I will try and find out if my friends version of InstantCake is for the TCD540 series. And go that route if it works.

If it all works I was planning on getting a new drive but I do have an old 80 GB drive laying around that I want to try first to make sure everything else works well before I spend money on an IDE drive of such "small" capacity.


----------



## HomeUser (Jan 12, 2003)

That noise dampened DVR optimized pre-loaded 160G drive from DVR-Upgrade looks like a good deal to me. It comes with a SATA to IDE.


----------



## pilotdru (Jul 14, 2009)

If I can find a backup image for the TCD540 online would those work.

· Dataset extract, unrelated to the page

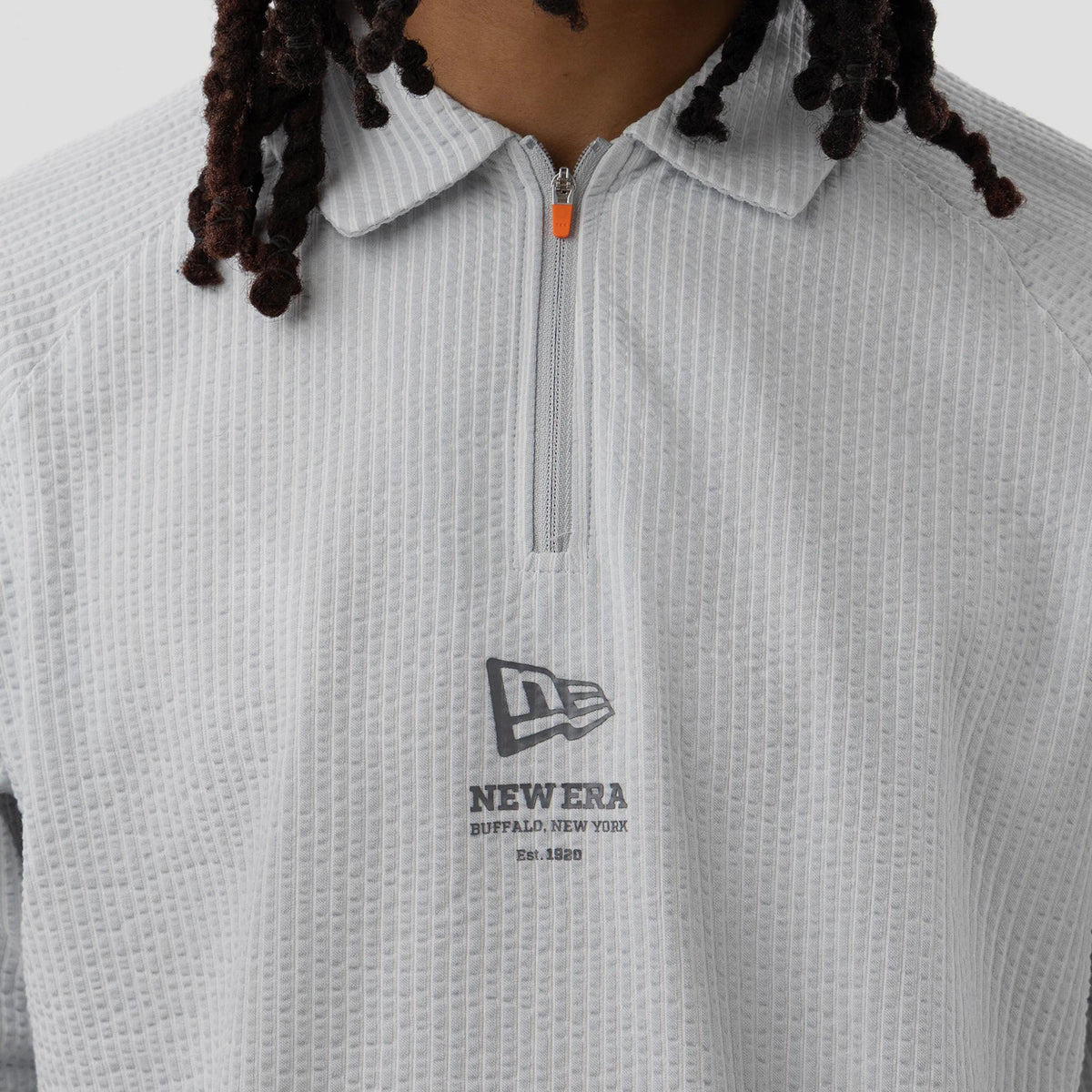 New Era Seersucker Grey Polo T-Shirt, front view showing a textured grey fabric with a quarter-length zip featuring an orange pull tab, a raised New Era logo printed centrally on the chest beneath the collar.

Is that something that can be hacked with spy ware or something?

Basically I want to make sure everything works without putting money into it because if I spend $100 to put a new drive in then it may just be worth getting a Tivo HD.


----------



## HomeUser (Jan 12, 2003)

Because of the boot checks it would be very difficult to modify an image altho not impossible. There are a couple of image begging threads here you could try one of those if you can not find one then the least expensive way would be purchase and download Instant Cake for $20.


----------



## pilotdru (Jul 14, 2009)

HomeUser thanks for your help. I talked to my friend and he said he is pretty sure its the same model but isn't positive since he has upgraded and doesn't have his old one anymore. I'll let you know how it goes. 

On a side note, I noticed your from A2. I grew up there, over buy Glacier Hill Retirement Home.


----------